Mme Éliane Assassi.  - Ce n'est pas ce qu'ils demandent !

M. Louis Nègre.  - Abandonnez les postures idéologiques et regardez la réalité en face !

Mme Éliane Assassi.  - La réalité de Cagnes-sur-Mer ?

M. Louis Nègre.  - Comme le dit le président de la République (« Ah » à gauche), il faut développer une immigration choisie -« raisonnée », dit M. Zapatero- pour mieux accueillir les immigrés dont on veut assurer l'intégration.

Mme Alima Boumediene-Thiery.  - C'est dans les deux sens, l'intégration !

M. Louis Nègre.  - C'est en conditionnant l'accès à la nationalité française à l'adhésion à un contrat de droits et devoirs que nous assurons cette intégration.

La déchéance de nationalité des personnes condamnées pour meurtre d'un dépositaire de l'autorité publique... (Exclamations à gauche)

Mme Alima Boumediene-Thiery.  - Un meurtre, c'est un meurtre !

M. Guy Fischer.  - Stigmatisation !

M. Louis Nègre.  - ...est-elle choquante ? Le régime spécifique de rétention concernant les personnes condamnées pour faits de terrorisme est-il choquant ?

La France reste le pays européen où la durée maximale de rétention est la plus courte. Cessons de battre notre coulpe.

M. Guy Fischer.  - On fait passer le juge sous la table.

M. Louis Nègre.  - Notre législation est plus laxiste que la Cour de Strasbourg. Sur les malades, revenons à la loi de 1998, la jurisprudence ayant dénaturé la volonté du législateur.

Je conclus (on s'en félicite à gauche) en disant qu'il faut aggraver les sanctions contre les employeurs d'étrangers irréguliers.

Je voterai ce texte juste et ferme. (Applaudissements sur les bancs UMP)

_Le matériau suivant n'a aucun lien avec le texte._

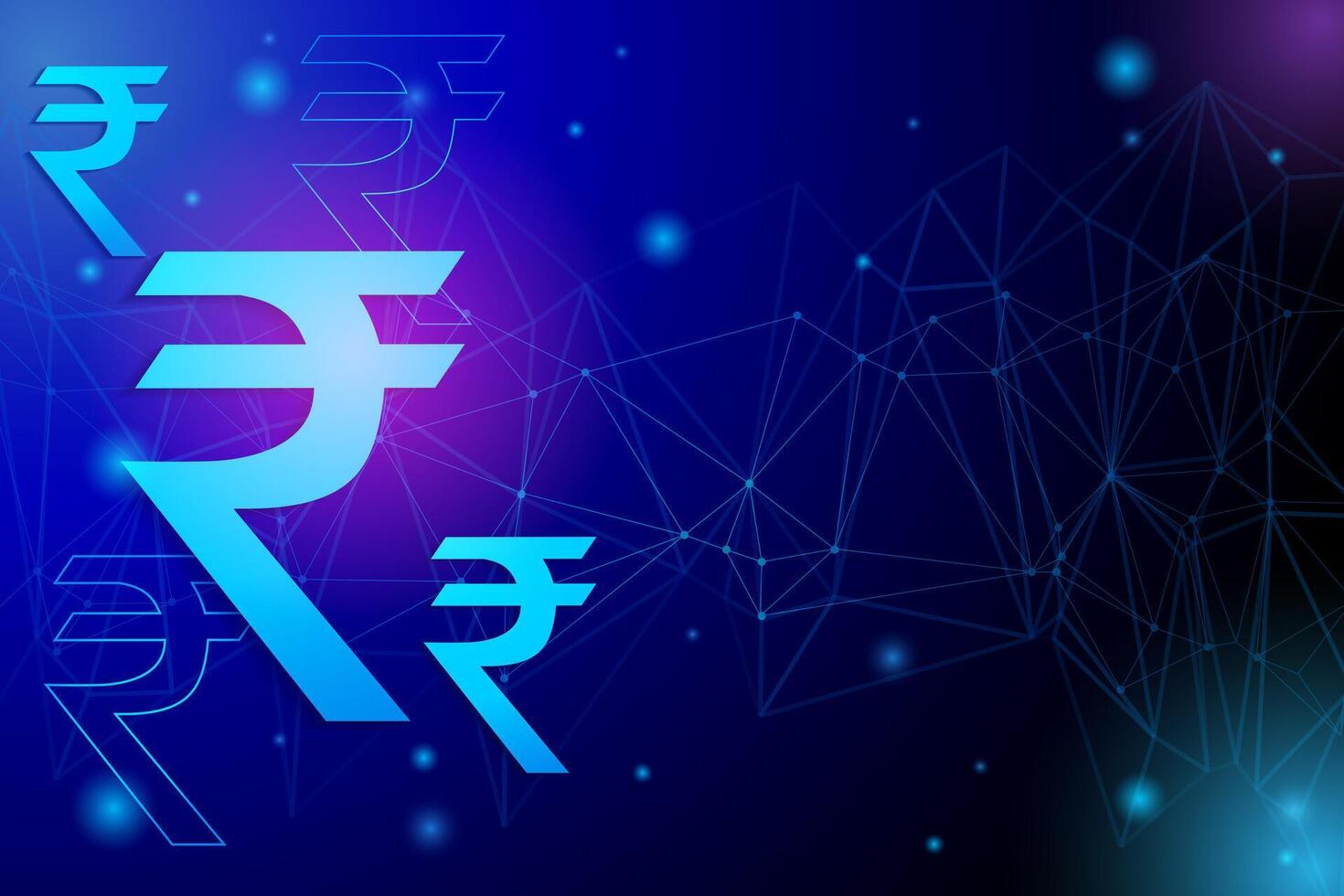 digital rupee indian currency technology background vector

M. David Assouline.  - Un Tunisien, ingénieur de formation, marié à une française et père d'un enfant français, arrêté par hasard lors d'un contrôle de police alors qu'il attendait sa régularisation, m'a demandé de plaider son cas. Je me souviens aussi de cet Égyptien arrêté à la gare du Nord alors qu'il se rendait sur son lieu de travail, comme tous les matins.

Je les ai aidés, eux qui, diplômés, vivant dans un pays non démocratique, demandaient un petit coin vivable. Ne pas les regarder comme des criminels, les soigner s'ils sont malades, voilà ce que chacun attendait de la France.

Notre pays n'a pas aidé ces pays à sortir de la dictature. Maintenant que tout le monde voit le courage de ces peuples, pensez aux milliers de Tunisiens et d'Égyptiens, aux Afghans qui fuient les Talibans, aux Roms discriminés chez eux.

Rien de concret ni d'urgent ne nécessite la déchéance de nationalité, qui ne concernera que quelques personnes. Cette mesure est donc symbolique, pour rompre avec le consensus entre les républicains et flatter les nationaux populistes, soi-disant pour les séduire.

En accompagnant ces sentiments faciles, vous renoncez à combattre la part d'ombre qui réside en chacun de nous mais que notre conscience combat tous les jours pour faire société.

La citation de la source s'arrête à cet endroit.